The disease cancer at first disarms its host by snipping away the simple things. For pet owners afflicted with the disease, the small task of walking their dogs becomes a monumental chore. The addition of often-lengthy medical treatment presents another problem: Who will watch the cat? Who will feed the bird? This is how cancer begins to directly affect those diagnosed, and the theft of these small daily pleasures often triggers a domino effect on a person’s psyche. Luckily, those in need of help still have Gilda Radner. The late Saturday Night Live star understood the importance of having a pet as an ally through adversity; her dog Sparkle provided her with one of her most treasured relationships in the waning months of her bout with ovarian cancer. This relationship resonates in her legacy, Gilda’s Club, a chain of national clubhouses for anyone touched by cancer, that spread across the face of the country like freckles on Roseannadanna’s cheeks. The Club has set up a support group that deals directly with pet-related issues, so that pet owners can manage not only their own lives, but the lives of their pets as well.
The Friends of Pets Networking Group is a monthly meeting held by Gilda’ s Club, and it provides a forum for cancer patients to share their experiences with their pets. Some of which were in tune with their owners’ condition long before a doctor’s diagnosis.
“Pets pick up on energy. They can tell if something’s wrong with their owners,” says Deborah Lamberti, who has chaired the group for eight years. “I’ve had one group member recount to me about how for weeks her cat would suspiciously nudge the side of her breast, and two weeks later she found out she had breast cancer.”

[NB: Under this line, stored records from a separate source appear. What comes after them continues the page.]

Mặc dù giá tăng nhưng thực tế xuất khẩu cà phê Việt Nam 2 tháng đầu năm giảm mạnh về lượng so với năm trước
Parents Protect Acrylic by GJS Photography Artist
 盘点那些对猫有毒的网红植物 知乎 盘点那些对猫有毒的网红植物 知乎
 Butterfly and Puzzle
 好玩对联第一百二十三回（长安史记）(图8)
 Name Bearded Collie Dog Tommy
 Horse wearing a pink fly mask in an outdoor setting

It’s this strong, nearly unexplainable bond that proves hardest to reconcile when a pet owner is diagnosed with cancer. Though an unpleasant thought, pet owners often have to weigh the validity of maintaining their pets while coping with a debilitating illness. Many easily figure that the best move would be to get rid of their pets in preparation for the worst, but Lamberti—a psychoanalyst who specializes in treating those affected by “life-redefining” incidents—says this is the sort of thinking that Friends of Pets works to combat.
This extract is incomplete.